§ INFORMATION SUPPLIED
-.-.-

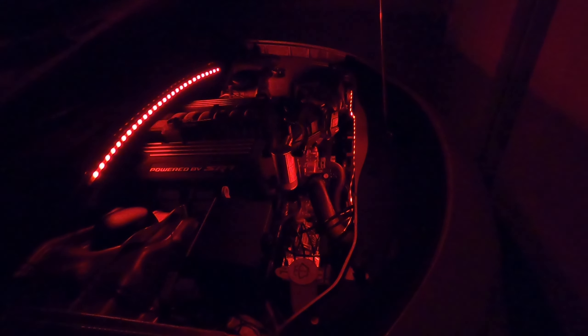What you're looking at here is I've got one big LED strip in the back, and I have another one down here, and then I also have two more up here.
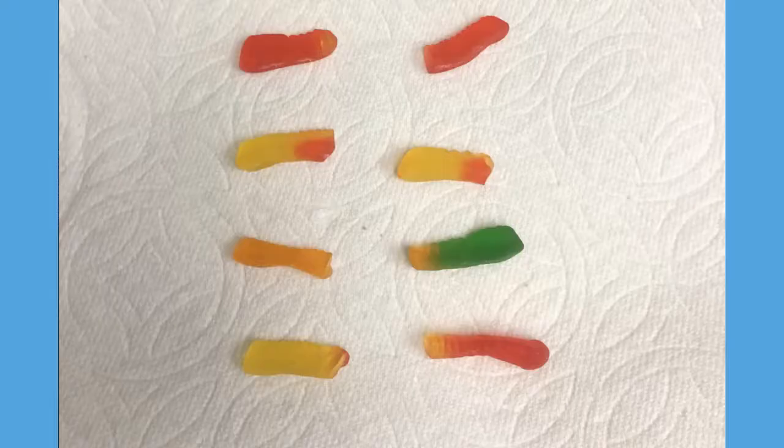The first step to this experiment is cutting the gummy worms in half. I will be using my knife and cutting the worm. We're going to need about four to five gummy worms. Here are the gummy worms cut in half. As you cut the gummy worms, you should cut them width-wise, and if needed, you can also use scissors.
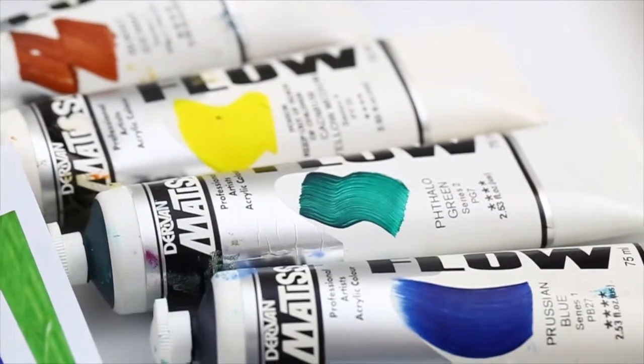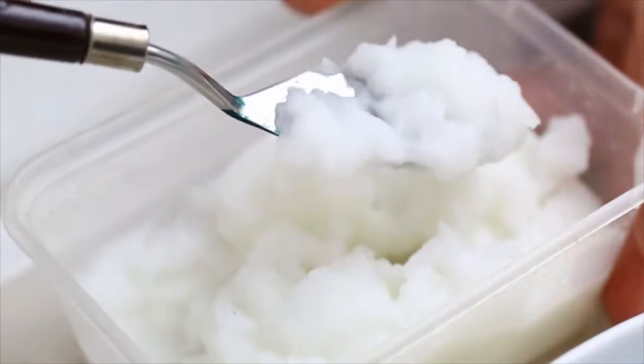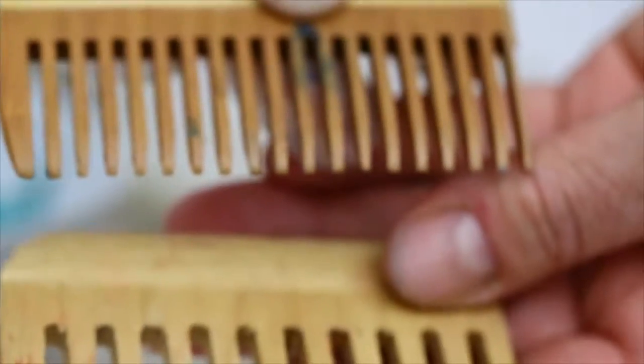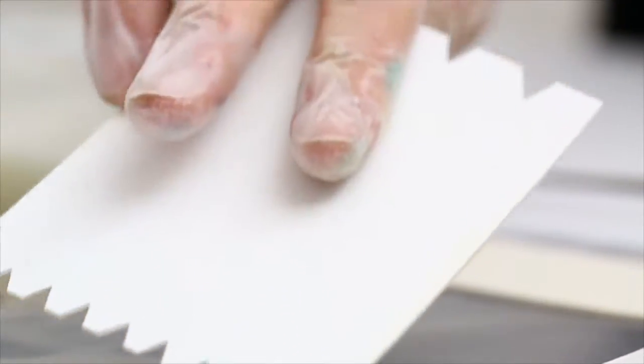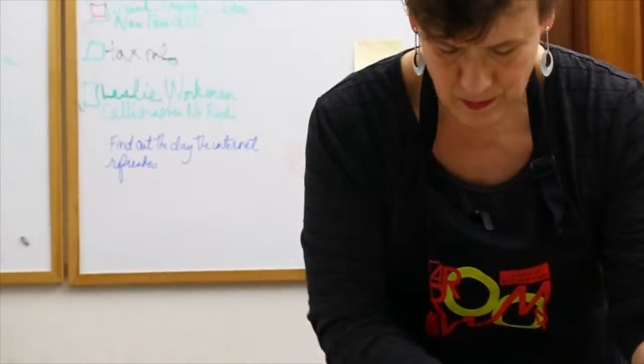In this workshop, you'll learn about different colorants available, the paste that each color is mixed with, how to make the paste, the different kinds of combs and other tools you can use to create patterns, how to make your own comb, how to create a whole series of paste paper patterns, and how you can scan them in and change them in Photoshop.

-.-.-

§ WORK REQUIRED
Output the data above exactly; pictures do not belong in the copy.

§ WRITTEN SOLUTION
What you're looking at here is I've got one big LED strip in the back, and I have another one down here, and then I also have two more up here.
The first step to this experiment is cutting the gummy worms in half. I will be using my knife and cutting the worm. We're going to need about four to five gummy worms. Here are the gummy worms cut in half. As you cut the gummy worms, you should cut them width-wise, and if needed, you can also use scissors.
In this workshop, you'll learn about different colorants available, the paste that each color is mixed with, how to make the paste, the different kinds of combs and other tools you can use to create patterns, how to make your own comb, how to create a whole series of paste paper patterns, and how you can scan them in and change them in Photoshop.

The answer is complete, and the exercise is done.